Last Updated 2024-02-22.
This post is gonna be a long one, but it's mostly just a brain dump of mine. So by nature, SSH is a secure protocol, which allows for all traffic going through a SSH tunnel to be encrypted, readable only by the client and server. SSH is typically used for a simple command line interface session on a remote server, but OpenSSH extends beyond simply running commands on a remote machine.
It was yet another day of school, and my friend and I were about to start coding over SSH on our servers at home. We noticed, to our horror, that all the SSH connections would timeout.
We thought about dealing with it later, but got hit by another roadblock: Github was now blocked. I recalled reading once about using SSH as a proxy and decided to crack on with a solution.
Honestly now it seems pretty funny to me that all this is even possible. You can do so much more with SSH than just using it for remote terminal sessions!
Note: All of these should in theory support IPv6, I have only shown IPv4 for the sake of simplicity. IPv6 may also, depending on your system, require for the address to be enclosed within the [ ] characters.

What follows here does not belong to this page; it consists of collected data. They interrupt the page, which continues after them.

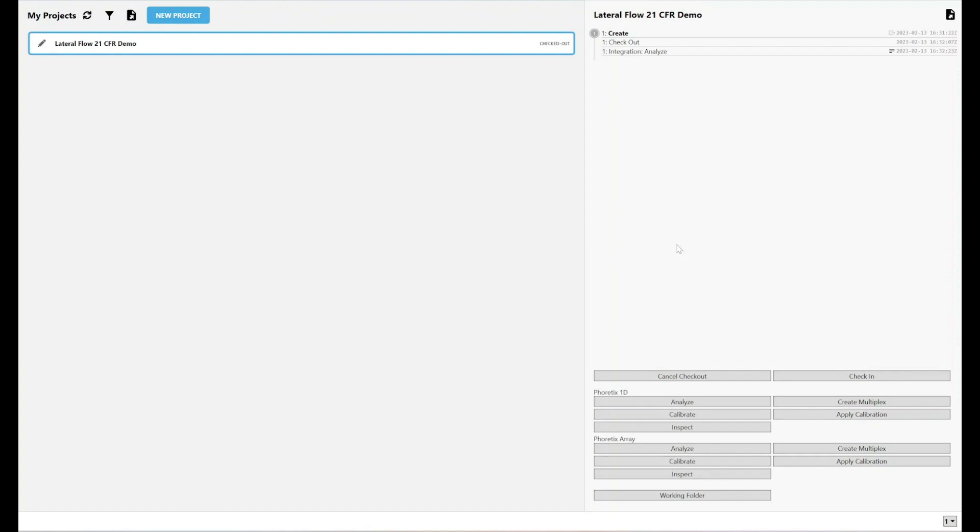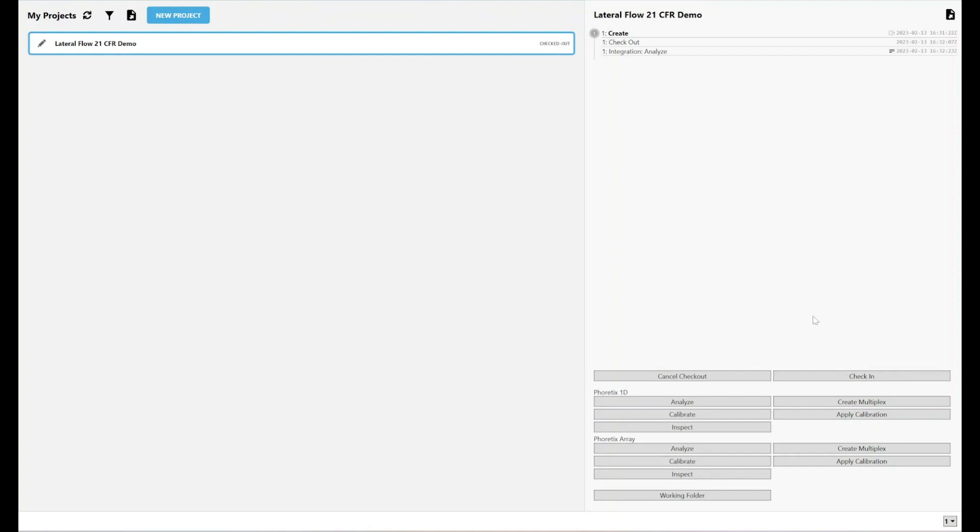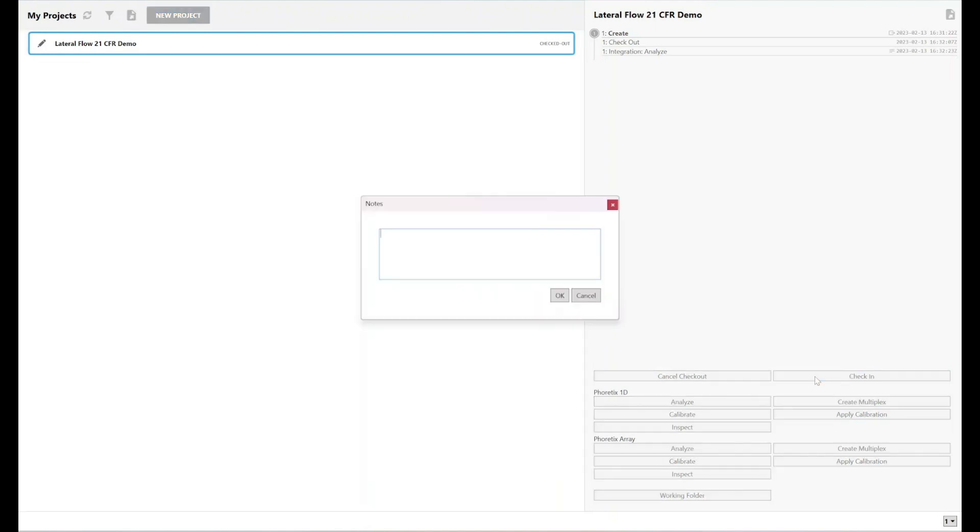I've still got the project checked out, which means that it's still in a temporary state. Until I check the project back in, it's in effect not saved, not secure, because it's still just a working copy that's on my computer. To put another copy of it into the secure folder, where it is stored securely, immutably, I need to just check it in.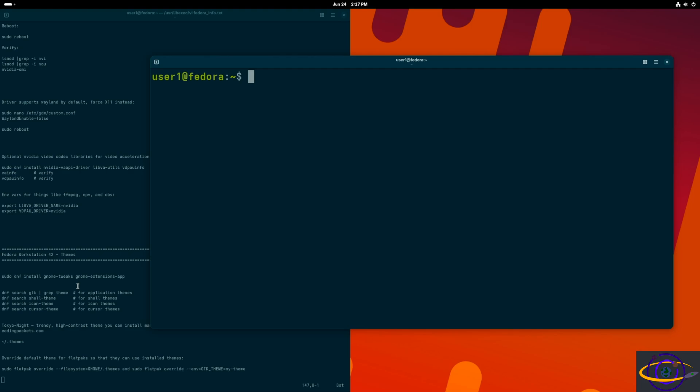Hey guys, in this video we're configuring GNOME themes. Full disclosure: I don't really know what I'm doing, I'm figuring it out as I go. GNOME themes — I'm just really disappointed with them, nothing like configuring themes in KDE. This video is a little all over the place and not a well-thought-out guide, so just know what you're getting yourself into.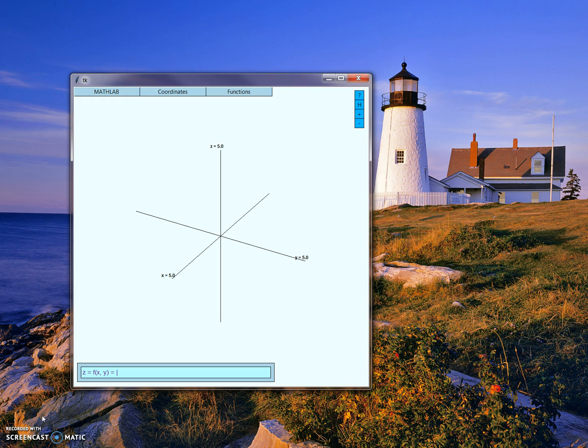This term project is called Math Lab, which stands for Mathematics Laboratory, and is basically a graphic calculator.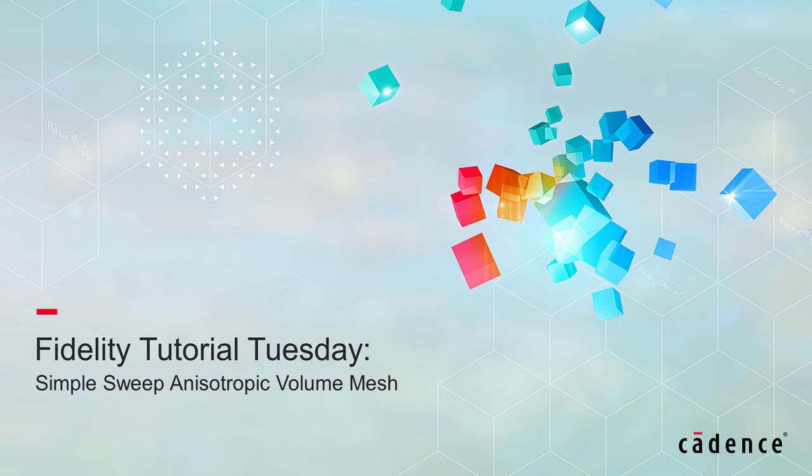Welcome to Cadence Design Systems Fidelity Tutorial Tuesday, where we show you how to use our fully integrated environment, Fidelity, in short videos of a few minutes.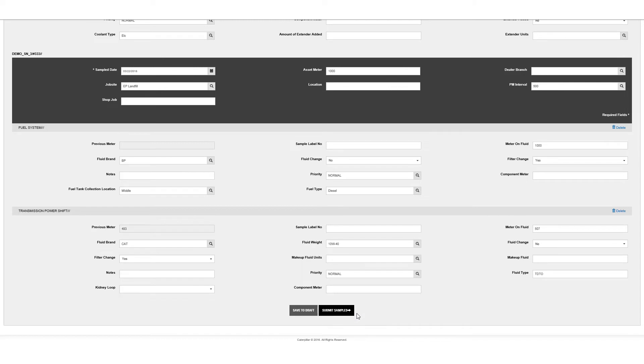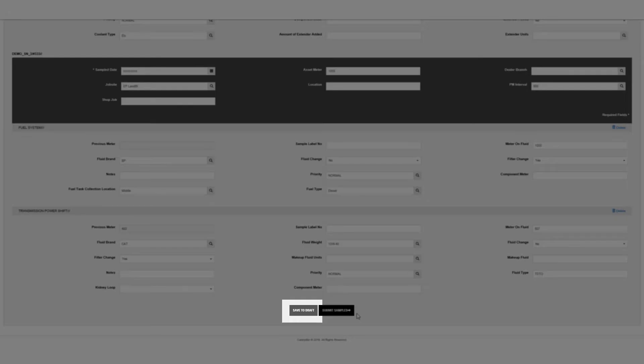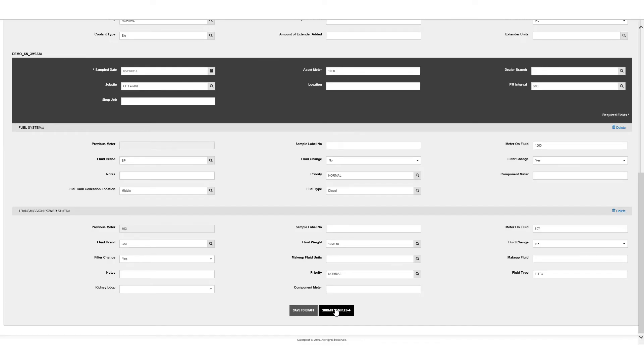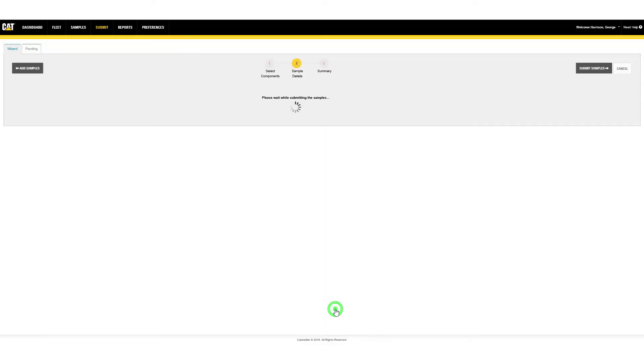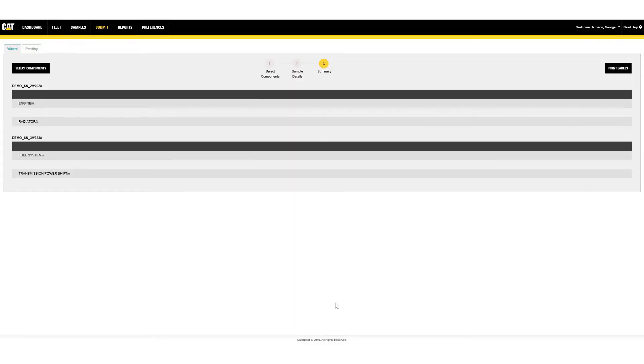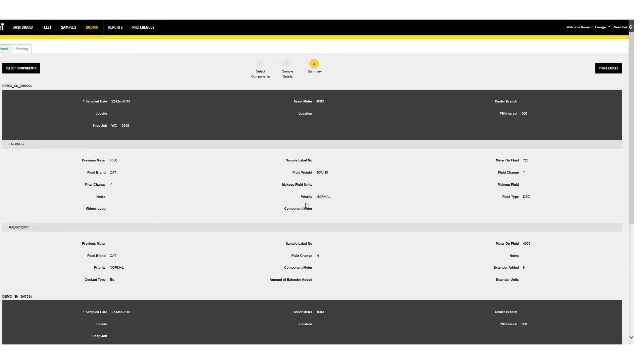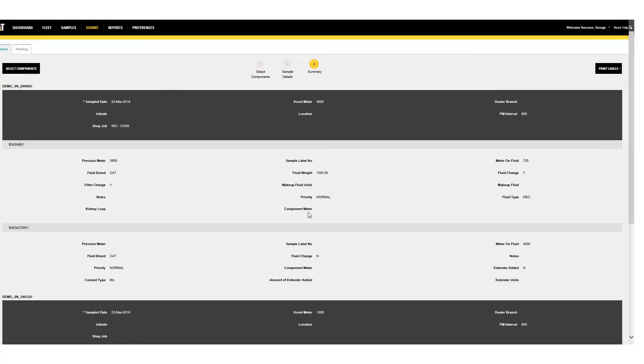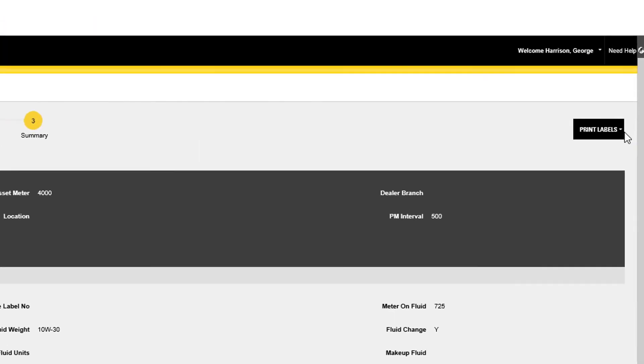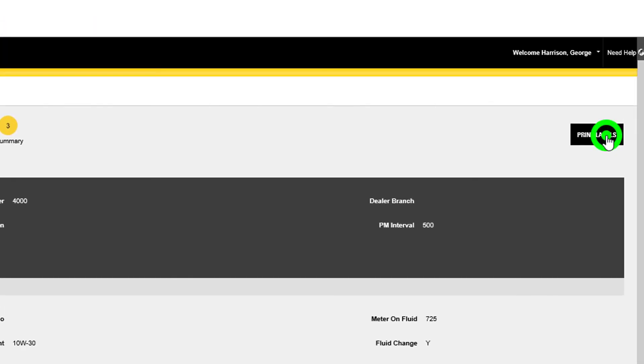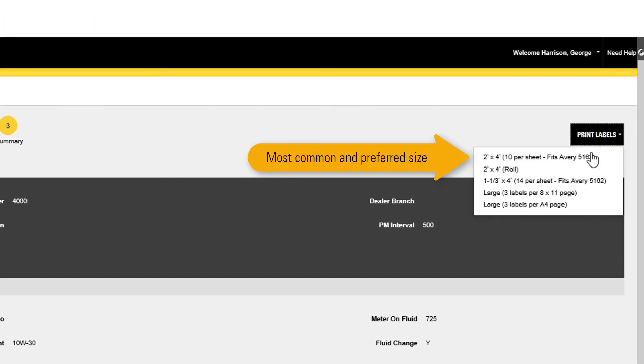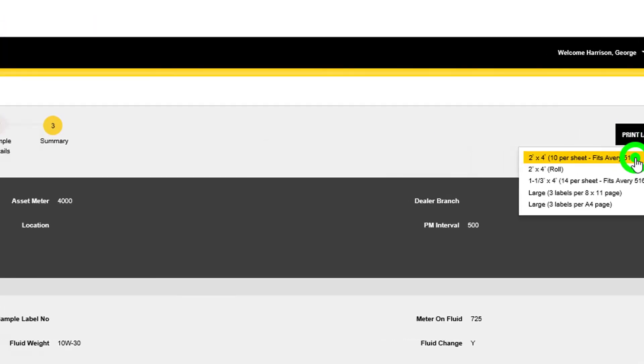At the bottom of the page, you'll have the option to save the information as a draft or submit for printing. Click on Submit Samples to be taken to a preview page. Verify the information and click Print Labels. Select the paper size that you prefer to use.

It turns out that OpenSSH client has the -D flag, which binds a SOCKS5 proxy from the SSH Server to any local port.
I primarily used
ssh -D 1337 -f -C -q -N <SSH Server Host/IP> -p 80 to use SSH over port 80, and then bind a Socks5 proxy to localhost port 1337.
Git can also be proxied over Socks5, using
git --config --global http.proxy socks5://127.0.0.1:1337. This can be unset using
git --config --global --unset http.proxy.
To forward remote ports to a local machine, SSH provides the -L flag, which can be used as such:
ssh -L <local port>:<Remote Machine Host/IP (Not SSH server)>:<remote port> -f -C -q -N <SSH Server Host/IP> -p 80
To forward RDP from a machine over the remote server's LAN, I used the following to bind RDP to 127.0.0.1:3388
ssh -L 3388:192.168.0.3:3389 -f -C -q -N remotesshserver.example.com -p 80
If you would like other machines on your network to be able to access the port, then you can add the flag
-o GatewayPorts=true and simply connect with any IP address to that machine.
Reverse port forwarding is also possible using the -R flag, which allows for local ports to be bound to the remote server. Examples:
ssh -R <remote port>:<Local Machine Host/IP (Not SSH server)>:<local port:> -f -C -q -N <SSH Server Host/IP> -p 80
To forward a local service running on port 8080 to a remote machine on port 443, one would simply run:
ssh -R 443:192.168.0.3:8080 -f -C -q -N remotesshserver.example.com -p 80
Use alongside HTTPS (over Port 443)
Originally this solution worked just fine alongside with NGINX, as I was using cloudflare in between web clients and my server. Cloudflare was configued to always use HTTPS, which resulted in port 80 not being needed. When migrating sites off of
cloudflare and directly onto my server, I ran into the issue of needing to process both HTTPS and HTTP traffic, as HTTP would be needed to redirect accidental traffic to HTTPS. After a few hours of searching, I came across
SSLH, a nifty SSH/SSL multiplexer allowing a server to run HTTPS and SSH on the same port. I setup SSLH to bind to my server's LAN IP (do not use 0.0.0.0), and set NGINX to listen on 443 locally only.
This can be done by setting the listen directive in server blocks to
listen 127.0.0.1:443 ssl; (
listen [::1]:443 ssl; for IPv6). This is also very important, if both SSLH and NGINX try to bind to the same port on the same IP, either one of them will fail.
You can install SSLH on Debian/Ubuntu using
apt install sslh.
In some cases, SSLH may require further configuration via IPTables. To save you from all the trouble I have provided a sample shell script to configure them here (It is even compatible with IPv6!) Check back to the main blog page for a detailed guide on how to deploy SSLH with dual-stack IPv4 and IPv6, I plan on writing it soon! (as of February 22 2024)
Once setup, I was able to process HTTP traffic on port 80 and both SSH and HTTPS on port 443 with no issues, for the rest of my high school career. Although this is very useful for bypassing firewalls, it is also very useful for development, I still use this almost daily in different scenarios, such as running a local app with HTTPS through my NGINX server.